Once you know the rate of change of speed, you can find the radius of curvature ρ through the magnitude of the acceleration equation.
Do not confuse R with ρ - they are not the same thing.
I'm getting the rate of change of speed in Etheta. Is that correct or should I be converting that? Also would the units be ft/s^2?
For finding the rate of change of speed I am not getting my answer in e^theta. I used the equation v' = ap dot e^t, and subbed both of the variables with polar equivalents then took the dot product.
This is the way I did it too. Bouncing off of this, don't forgot that you can find e^t from (v vector)/(v magnitude) = e^t
rate of change of speed is directionless, similar to how speed is also directionless. using the dot product will give you a numerical value with unit ft/s^2 but no etheta or etangent.

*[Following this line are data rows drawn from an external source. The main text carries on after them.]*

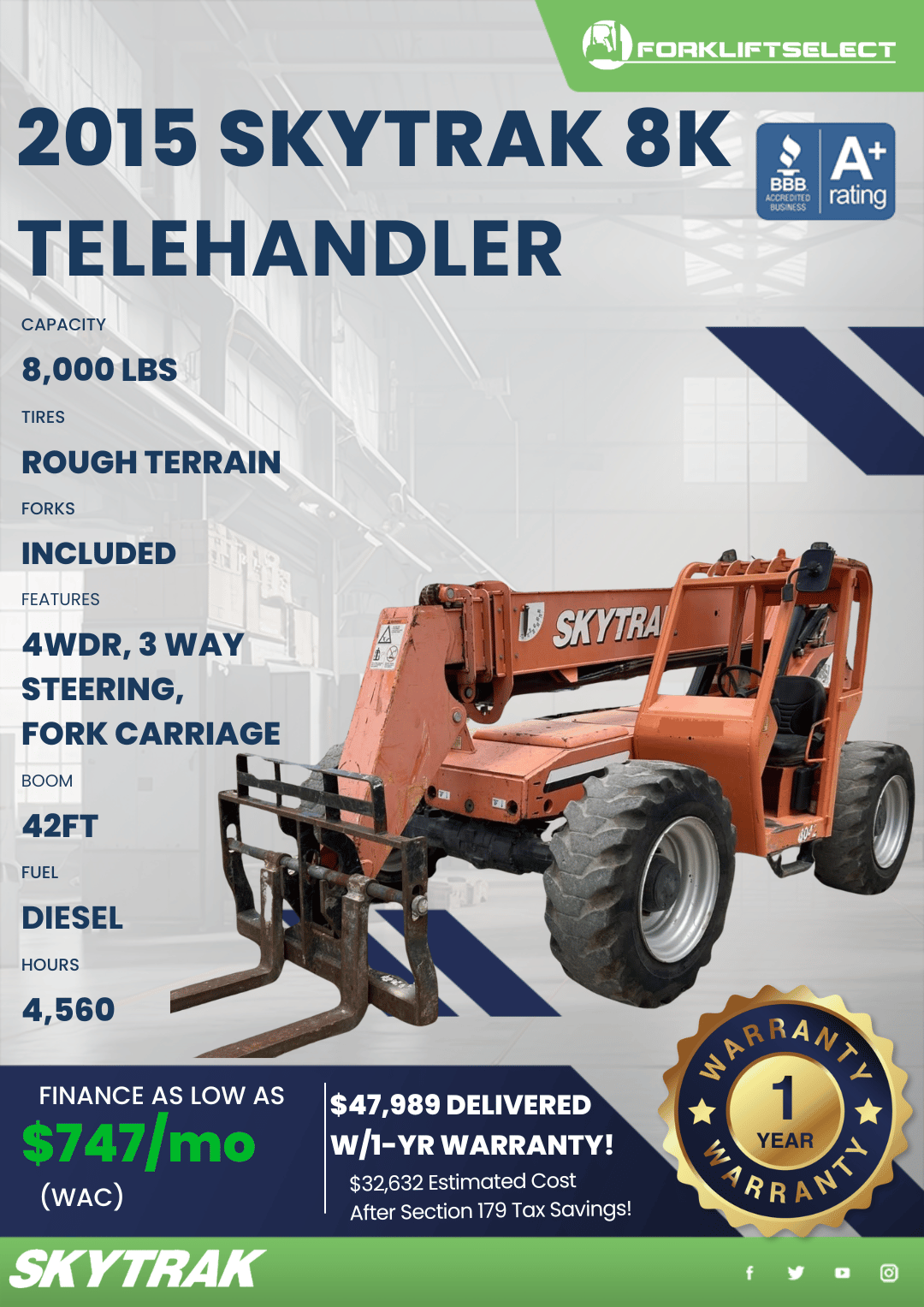 2015 SKYTRAK 8K TELEHANDLER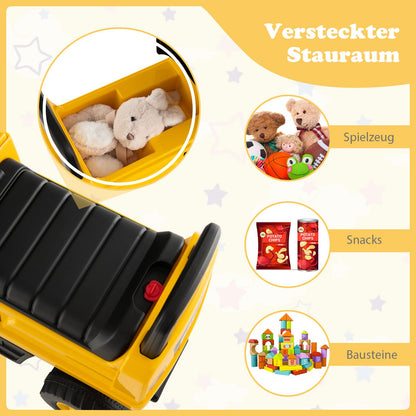 COSTWAY Kinder Sitzbagger – Drehbare Schaufel, Stauraum, ab 1 Jahr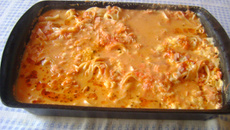 Lasanha de macarrão ninho grosso
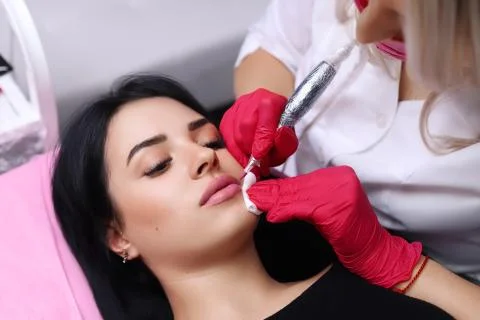 Permanent Make-up on her Lips. Stock Photos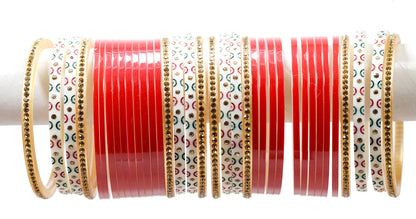 Brass & Seap Gold Plated and Pearl Chuda Bangles for Women & Girls (Red)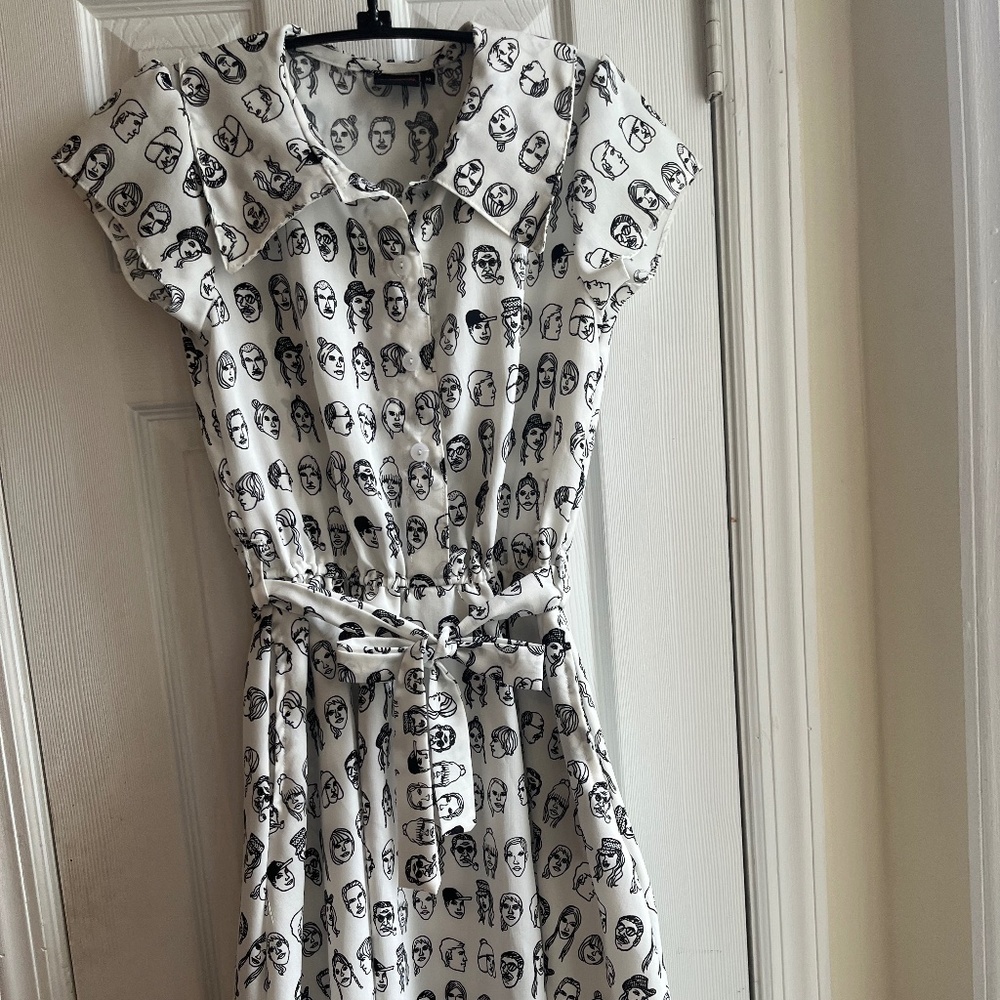 Retro Black and White Drawings Dress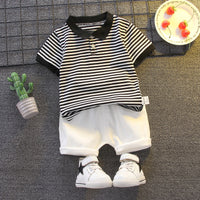 Load image into Gallery viewer, 2 Pieces Set Baby Kid Boys Striped Polo Shirts And Solid Color Shorts Wholesale 23022412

I calculated radius of curvature past 700 feet is that a reasonable answer. Since I calculated speed and rate of change of speed I used the magnitude of the acceleration to find the radius of curvature. Also when calculating the magnitude of acceleration do i need to convert to path or does it not matter?
The magnitudes should be the same so I don't think it should matter.
To calculate the curvature, you need to use the magnitude of acceleration equation and solve it for p. You don't want to use a*en=v^2/p since it would be more time consuming as a result of having to solve for en.